If an entry contains a picture, omit that picture and transcribe everything else exactly.

*** Begin section ***

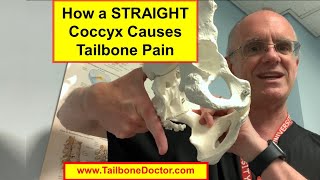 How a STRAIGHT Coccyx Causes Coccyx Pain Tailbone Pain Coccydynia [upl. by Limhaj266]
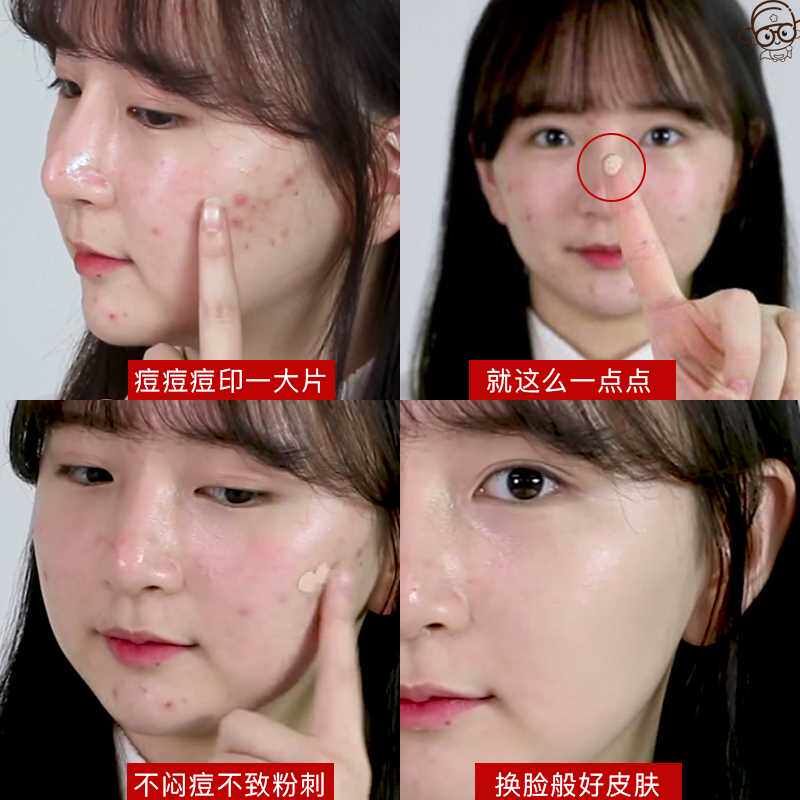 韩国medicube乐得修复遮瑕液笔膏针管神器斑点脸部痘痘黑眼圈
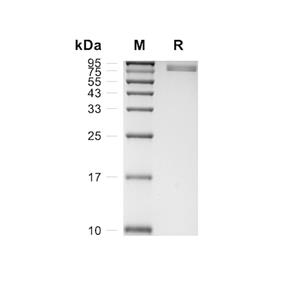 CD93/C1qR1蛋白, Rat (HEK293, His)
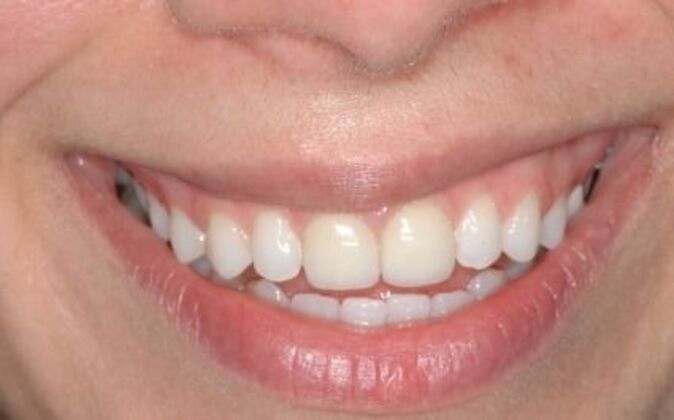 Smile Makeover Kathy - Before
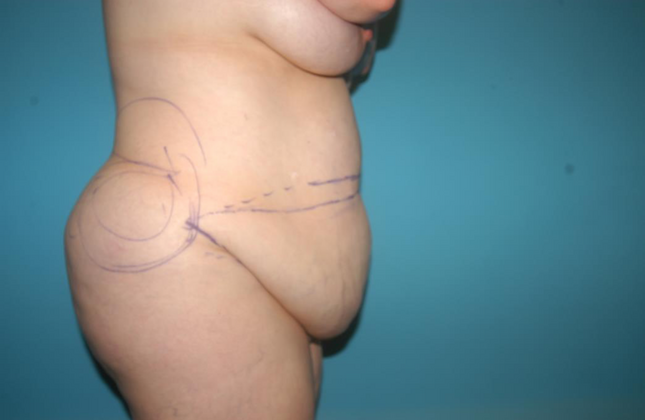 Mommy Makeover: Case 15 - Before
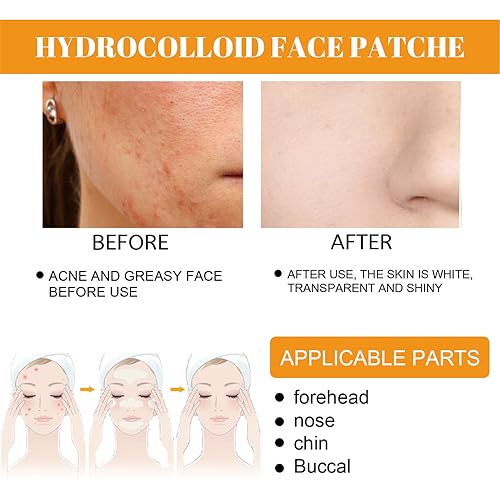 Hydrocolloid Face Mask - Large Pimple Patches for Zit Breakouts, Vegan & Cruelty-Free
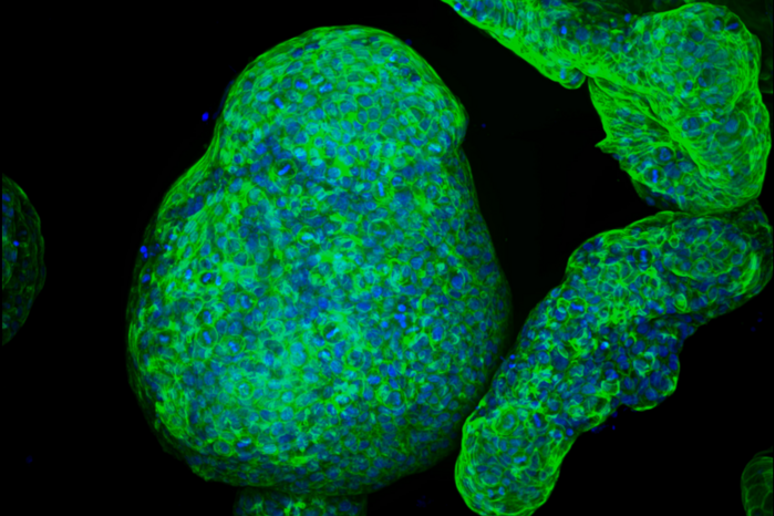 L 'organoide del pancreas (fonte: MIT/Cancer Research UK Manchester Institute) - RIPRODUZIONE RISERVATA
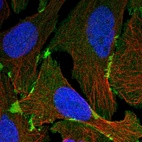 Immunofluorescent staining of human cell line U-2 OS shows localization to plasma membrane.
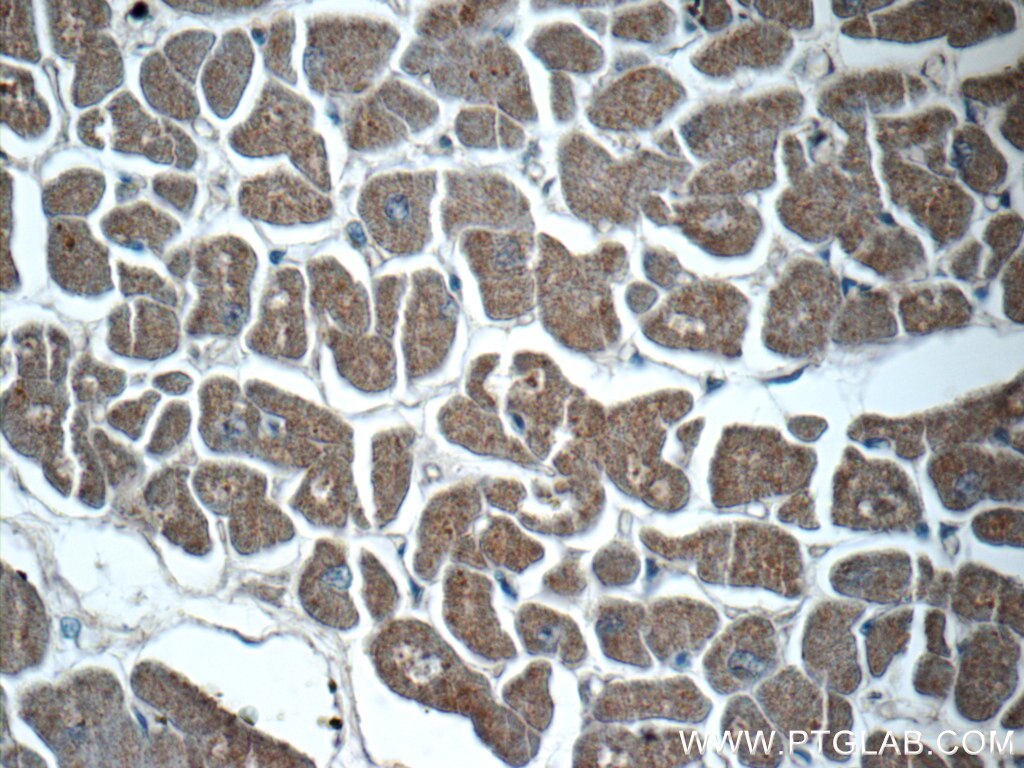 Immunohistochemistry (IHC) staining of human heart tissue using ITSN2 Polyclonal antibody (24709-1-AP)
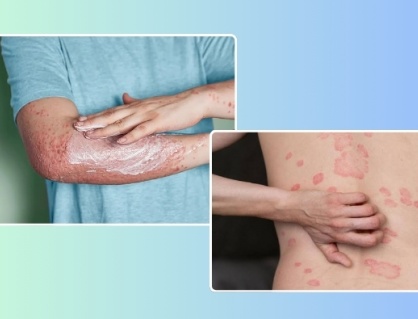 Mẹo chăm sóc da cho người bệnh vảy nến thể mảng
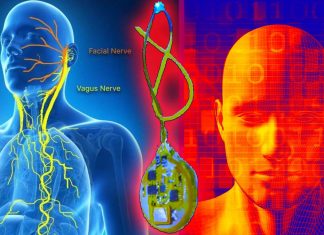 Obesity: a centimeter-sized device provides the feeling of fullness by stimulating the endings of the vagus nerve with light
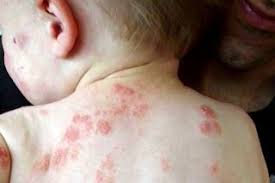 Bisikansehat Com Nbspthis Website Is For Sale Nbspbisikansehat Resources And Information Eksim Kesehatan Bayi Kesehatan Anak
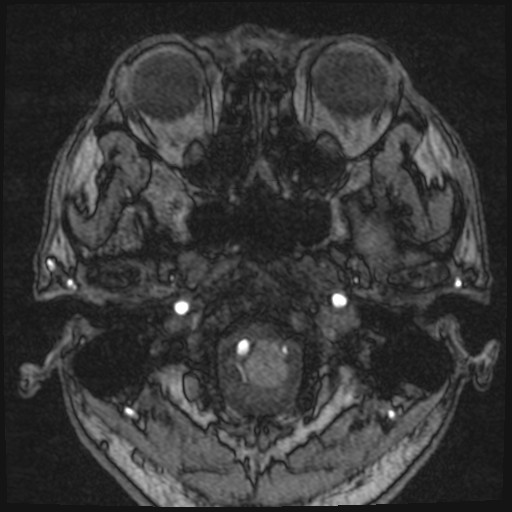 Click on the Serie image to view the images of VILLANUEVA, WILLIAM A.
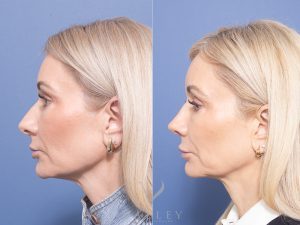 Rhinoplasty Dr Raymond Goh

*** End section ***

▸ **Written solution**
 How a STRAIGHT Coccyx Causes Coccyx Pain Tailbone Pain Coccydynia [upl. by Limhaj266]
 韩国medicube乐得修复遮瑕液笔膏针管神器斑点脸部痘痘黑眼圈
 CD93/C1qR1蛋白, Rat (HEK293, His)
 Smile Makeover Kathy - Before
 Mommy Makeover: Case 15 - Before
 Hydrocolloid Face Mask - Large Pimple Patches for Zit Breakouts, Vegan & Cruelty-Free
 L 'organoide del pancreas (fonte: MIT/Cancer Research UK Manchester Institute) - RIPRODUZIONE RISERVATA
 Immunofluorescent staining of human cell line U-2 OS shows localization to plasma membrane.
 Immunohistochemistry (IHC) staining of human heart tissue using ITSN2 Polyclonal antibody (24709-1-AP)
 Mẹo chăm sóc da cho người bệnh vảy nến thể mảng
 Obesity: a centimeter-sized device provides the feeling of fullness by stimulating the endings of the vagus nerve with light
 Bisikansehat Com Nbspthis Website Is For Sale Nbspbisikansehat Resources And Information Eksim Kesehatan Bayi Kesehatan Anak
 Click on the Serie image to view the images of VILLANUEVA, WILLIAM A.
 Rhinoplasty Dr Raymond Goh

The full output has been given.